--- Task to carry out ---
Every line of the material is to be returned verbatim. Pictures stay out.

--- Data extract ---

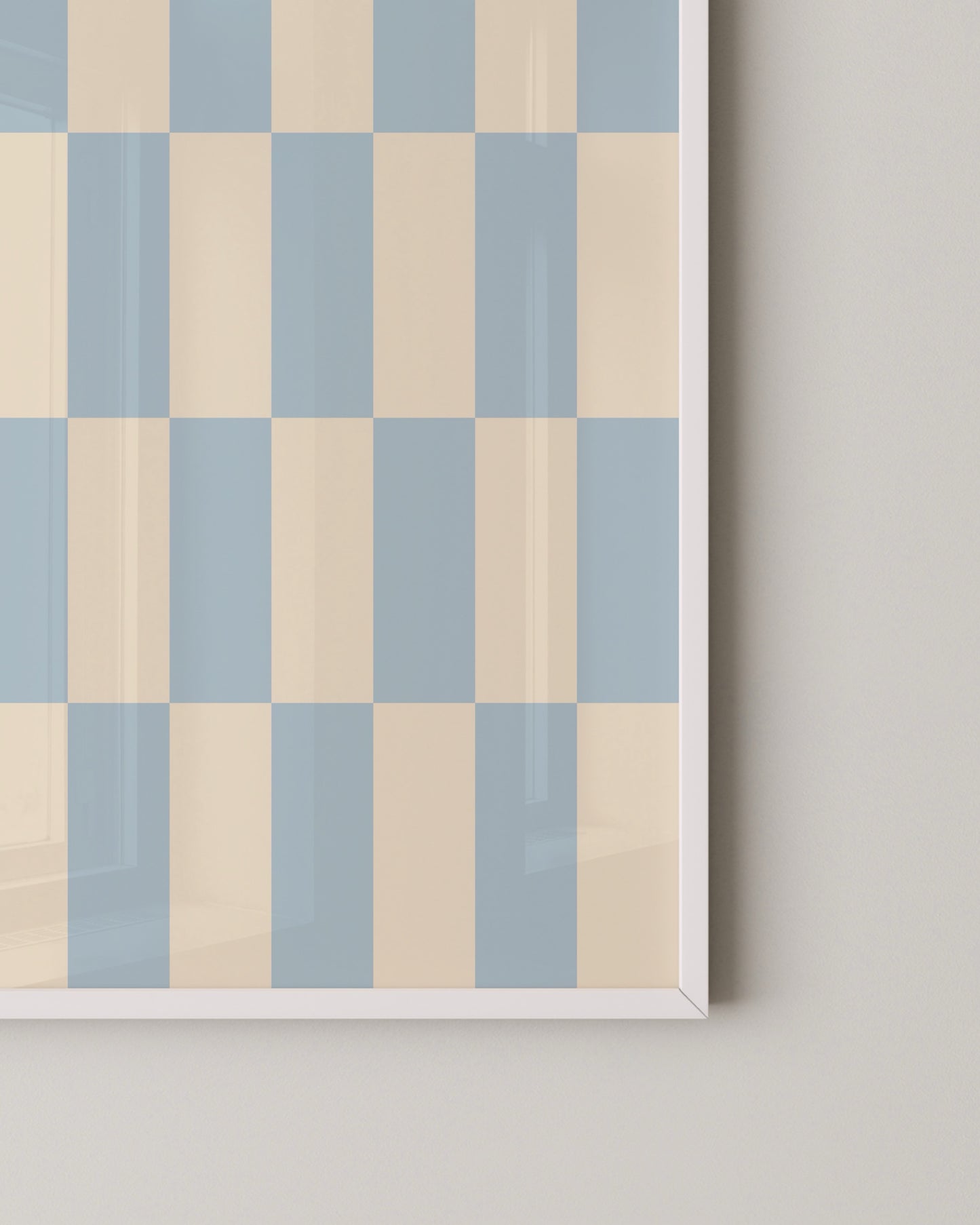 Blue Checkerboard Print | Geometric Print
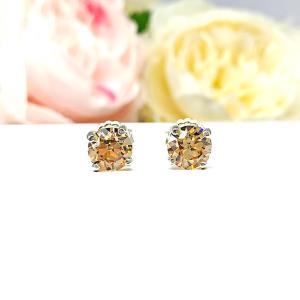 Champagne Old European Cut CZ Stud Earrings – 7mm,  Sterling Silver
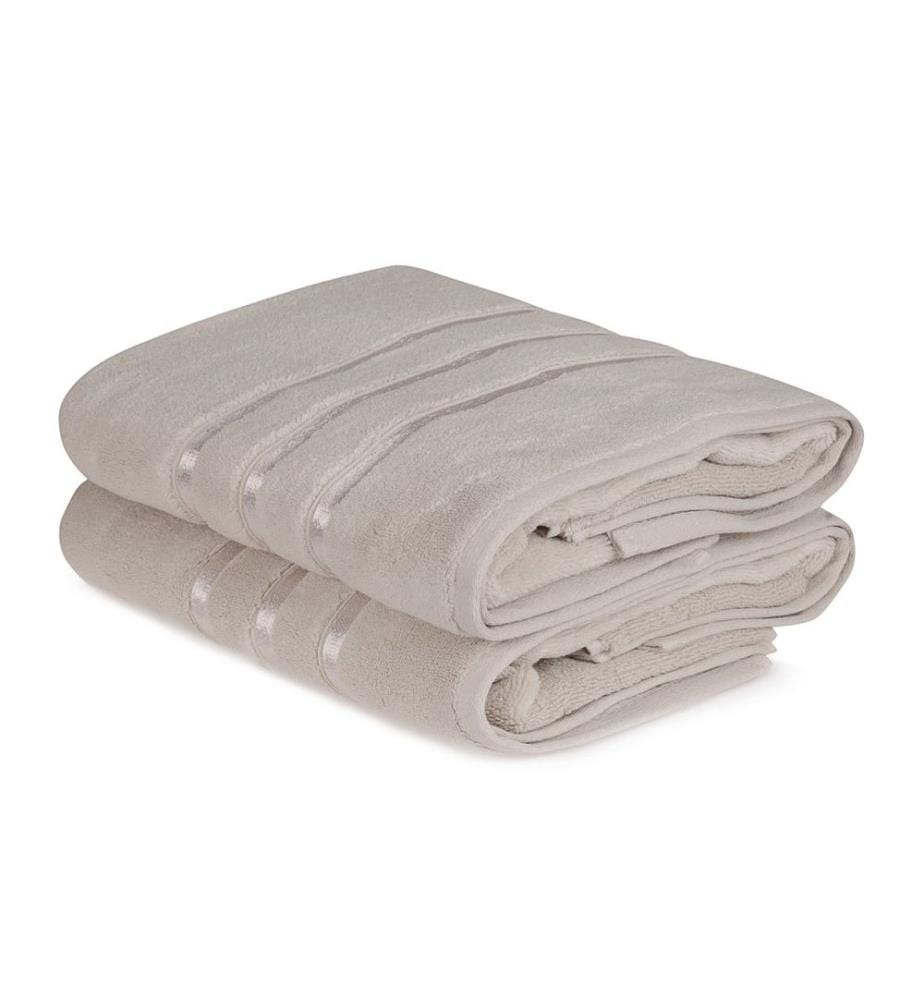 Set de serviettes de bain, 2 pièces, Light Brown, Microcotton, 560 gr-m²,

--- Your response ---
 Blue Checkerboard Print | Geometric Print
 Champagne Old European Cut CZ Stud Earrings – 7mm,  Sterling Silver
 Set de serviettes de bain, 2 pièces, Light Brown, Microcotton, 560 gr-m²,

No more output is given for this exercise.